Lucked into a trip to New York.  Here’s my thoughts on the Tom Rainey Obliggato show that I caught on my first night. (sorry about the picture Kris Davis is missing)

Tom Rainey’s night at the Jazz Gallery felt a lot like what it was: a return to standard practice through the lens of some of the most daring experimentalists in the contemporary jazz community.  Ingrid Laubrock, Kris Davis, Ralph Alessi, and Drew Gress took the notion of abstraction into everything they did.  Form wasn’t thrown out the window, but traditional tunes like “Stella By Starlight” and “What is This Thing Called Love” were stripped for parts with brief highlights of the melody thrown into the mix alongside wild improvised countermelodies and incredibly interactive rhythm section roles.  The lines between solos were extremely non-confining as musicians were gradually left alone in space as the previous musician finished off their ideas.  Each musician had a moment in the spotlight, but nothing felt forced, making for a set that flew by in an instant.

Rainey really gave the group its spirit.  His creative, lyrical drum style is perfect for gesturing towards a meter without articulating every beat.  On “Stella,” Rainey very rarely touched upon the ride, almost using the kit as a set of hand drums.  During his biggest solo, Rainey used his finger on one hand and sticks in the other to broaden his immense dynamic range.  Sounds I didn’t know were possible were ripped out of the cymbals and more primal ideas were expressed with pummeling shots on the floor tom.

Alessi showed off his biting technical prowess in a way that never felt showy. In one tune, he added a note into the final chord so quiet that it could barely even be heard—the true sign of a good trumpet player.  Later, he gave a glimpse of his capacity for acrobatic high notes with his invigorating, unaccompanied solo.  Never to be outdone, Ingrid Laubrock also jumped in for some electrifying solos and unleashed some beauty with her command of the night’s only ballad.
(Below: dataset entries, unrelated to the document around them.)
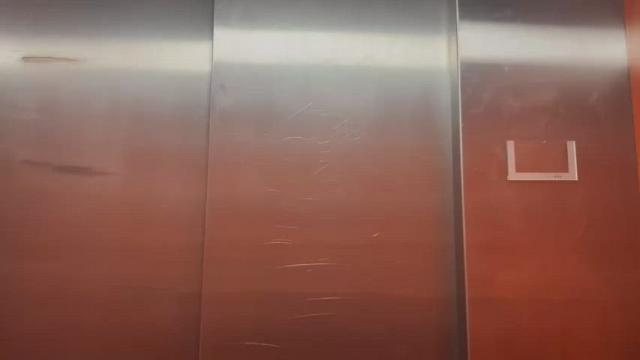 Having some pleasant in the elevator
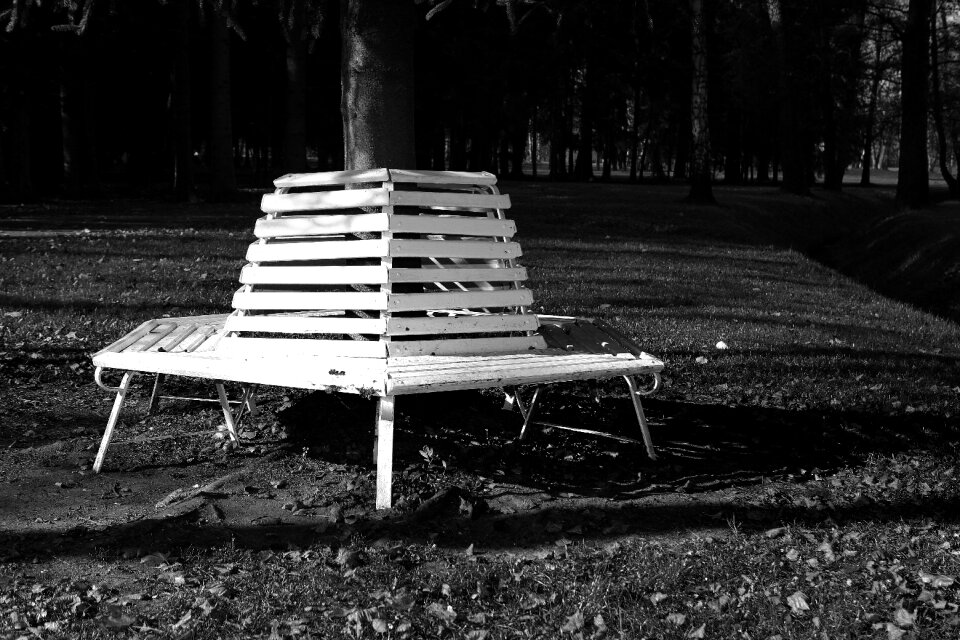 Trees grass black and white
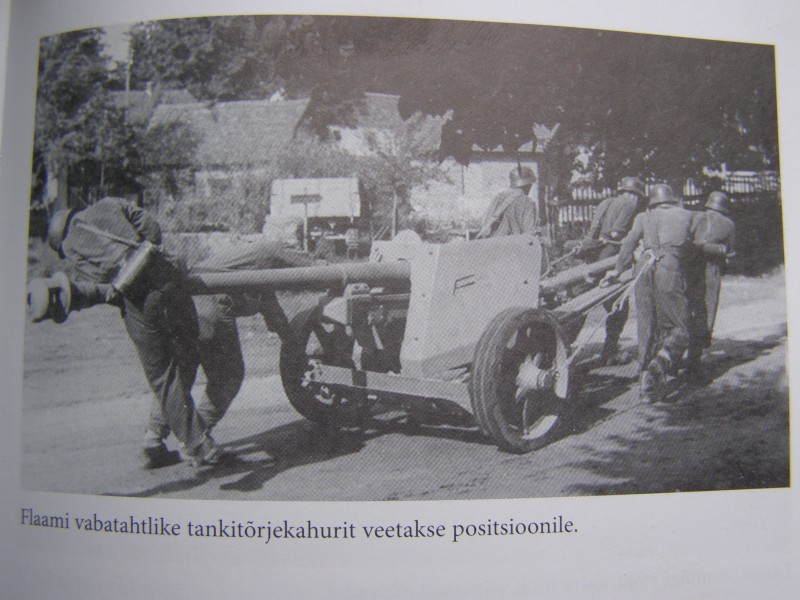 P1010019.JPG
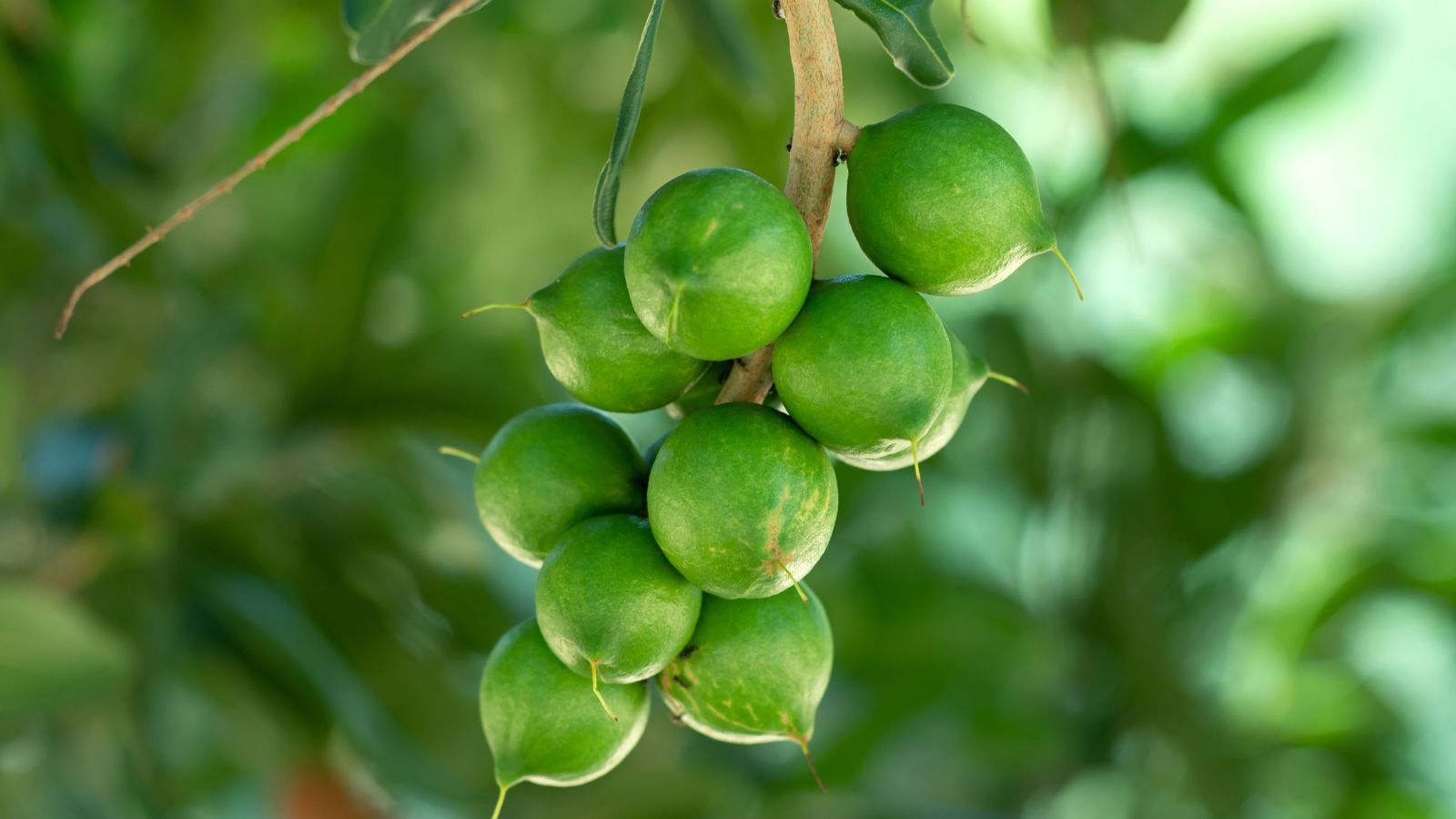 A close-up shot of a variety of a large tree called Beaumont, showcasing its grape-like clusters of fruits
One of the most impressive aspects of the night was the lightness every musician was able to tap into.  Obviously the jumps into more pulverizing territory were entertaining, but when the group was all playing at once, there was a concerted effort for each player to articulate as quietly as possible, so that everything on stage could speak clearly to the audience.  This really helped push the malleability of the tunes because the musicians could easily hear each other’s ideas and provide responses.  Also, this ideology snuck into larger ideas of the concert as musicians clearly commanded the stage alone at times, but kept in mind the rest of the musicians involved so that the experience would remain non-hierarchical.

The night stood as a reminder for the amount of internalized jazz time and feel that all of the musicians in this community keep.  All of the deep dives into free improvisation never erase the fact that these musicians can play the piss out of a tune.  At the same time, it didn’t feel like a night with any real confinements, more-so a musical moment where swing feel, jazz melodies, and limitless improvisation all held equal standing.